Arlington wrote:This thread proposes to discuss the age-old Orange Line vs Haverhill Line turf fight in light of the T's apparent new-found love of DMUs.
I know that we've covered elsewhere how Melrose's grade crossings and mode snobs thwarted the Orange Line's ambitions to reach out to Reading and Rt 128. We've also covered how, if we'd known that 40 years ago, the OL would not have been built as a 3-track operation. And we've watched the transit rails rot in place as they pass through stations like Wellington, while the Haverhill line is constrained on a single track, and CR growth beyond N. Wilmington pretty much has to get to/from North Station via the Lowell Line.
And we've watched that uneasy stalemate for 30 years now: OL has more infrastructure than it will ever need, Haverhill has less than it deserves because too many decisions were cast in concrete and kept there by an FRA that wouldn't let heavy rail and transit easily intermix.
So far, its always been concluded that it is (nearly) too expensive to change the OL to favor the CR, and CR ridership doesn't merit taking back a track.
Do DMU's change that?
What if the whole CR operation south of North Wilmington were converted to DMU? (with CR being redirected to the Lowell Line).
Could the grade-connections be severed and the railhead height be tweaked to allow DMUs to serve the unused OL platforms as their own?
Or is the real DMU on the Orange line just more Orange Line EMUs, and actually using the 3rd track for something?
Or does the population between North Station Reading just not need any more transit?
sery2831 wrote:Both Commuter Rail bids proposals have sections on DMU operations and maintenance.
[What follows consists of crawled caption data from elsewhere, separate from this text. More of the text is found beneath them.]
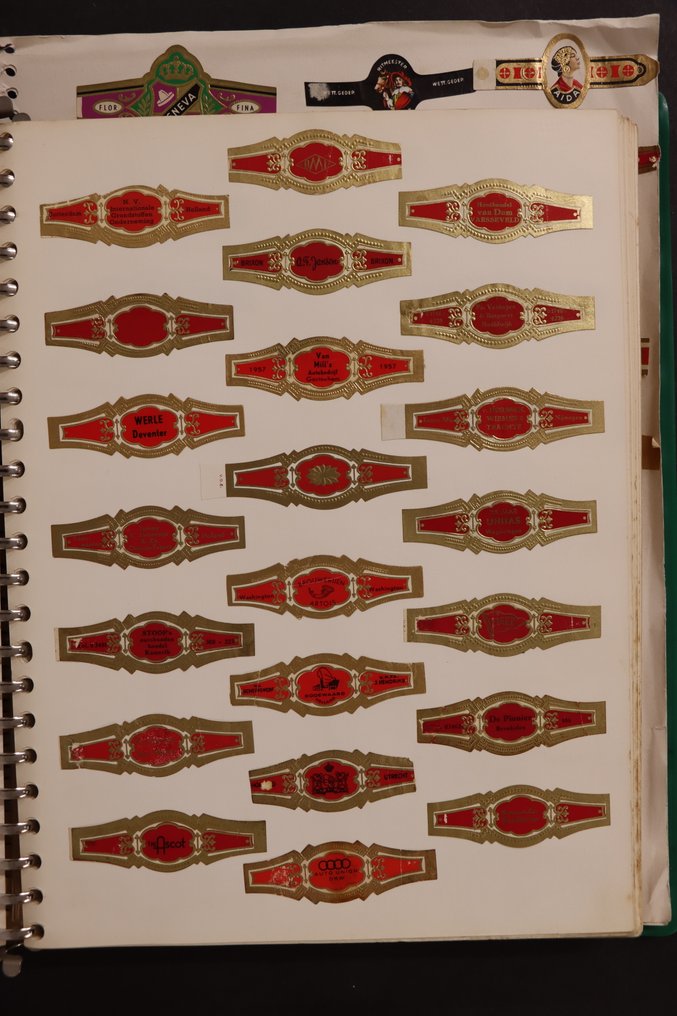 Zeer mooi opgezette verzameling sigarenbandjes in 5 albums - circa 4500 - Cigar band - Paper #3.2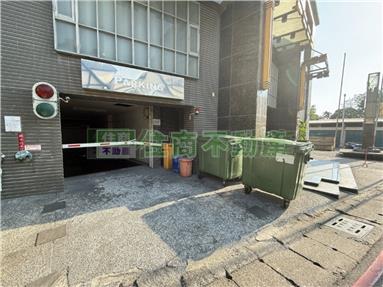 楠梓興楠菁英會館收租套房房屋室內格局與周邊環境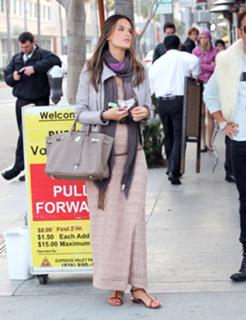 Alessandra Ambrosio feet photo thumbnail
So the T is serious about acquiring them at some point in the next 8 years.
jaymac wrote:DMUs will be an additional capital -- not to mention maintenance -- expenditure for equipment that is not compatible system-wide.
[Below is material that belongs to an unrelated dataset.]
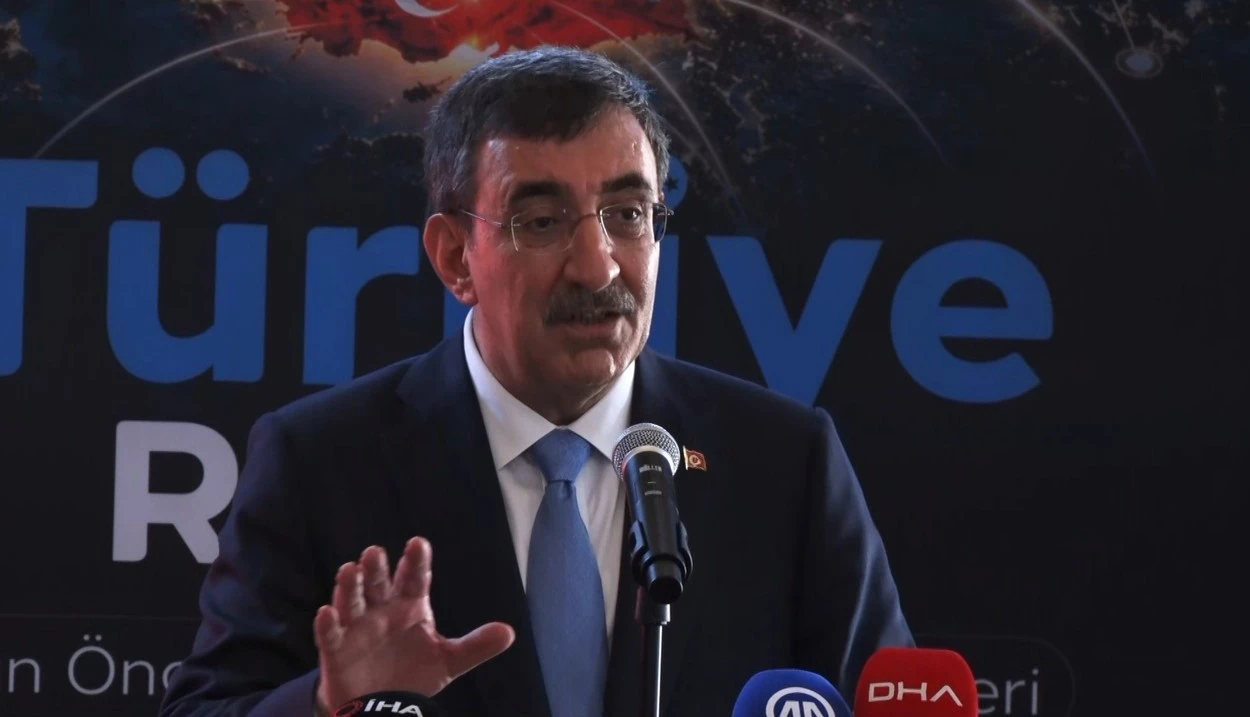 Cumhurbaşkanı Yardımcısı Yılmaz: "Ge&ccedil;en yıl itibariyle, nominal dolar bazında d&uuml;nyanın 16. b&uuml;y&uuml;k ekonomisiyiz"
Finch wrote:jaymac wrote:DMUs will be an additional capital -- not to mention maintenance -- expenditure for equipment that is not compatible system-wide.
Interesting points jaymac. Just curious, what do you mean by "not compatible system-wide?" I mean, the promise of FRA-compliant DMU's is that they can be run more widely and intermixed with conventional traffic. And I'd think they could be built within the required clearance envelope to fit everywhere the commuter rail runs. Are you referring to platform heights or something like that?
Finch wrote:jaymac wrote:DMUs will be an additional capital -- not to mention maintenance -- expenditure for equipment that is not compatible system-wide.
Interesting points jaymac. Just curious, what do you mean by "not compatible system-wide?" I mean, the promise of FRA-compliant DMU's is that they can be run more widely and intermixed with conventional traffic. And I'd think they could be built within the required clearance envelope to fit everywhere the commuter rail runs. Are you referring to platform heights or something like that?
jaymac wrote:For runs that might have DMUs, how many spare DMUs will be available for protection? Will protection DMUs be standard-consist compatible so they can serve as replacement coaches for standard-equipment runs? It's been a good length of time since I've seen any utilization charts, but one of the selling points to B&M and advertising points to other possible Budd customers was the ability of one set of equipment to cover multiple runs on different routes, aided in no small part by the time-savings of push-pull operation.